Cidades como Petrópolis, Nova Friburgo, Penedo, Itaipava, Paraty (RJ) e Ouro Preto (MG) já sediaram o evento, integrando a corrida com o ambiente e o produto de cervejarias locais.
Outras iniciativas regionais têm surgido, como o Circuito Way Beer de Corrida (no Paraná). O que reforça a tendência de microcervejarias usarem a corrida como ferramenta de divulgação e engajamento comunitário.

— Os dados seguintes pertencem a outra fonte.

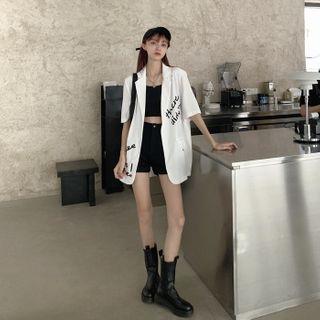 Printed Letter Short-sleeve Blazer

Alguns desses eventos oferecem aos participantes um kit que inclui camisetas, medalhas (frequentemente em formato de abridor de garrafa) e vouchers para as degustações.
Assim, a corrida e cerveja formam um nicho no calendário esportivo brasileiro, unindo a busca por um estilo de vida mais ativo com socialização, apreciação cultural e gastronômica da cerveja. E isso valoriza o produto artesanal e a alegria da confraternização — sem exageros, afinal, o público que costuma frequentar esses eventos é todo 35+.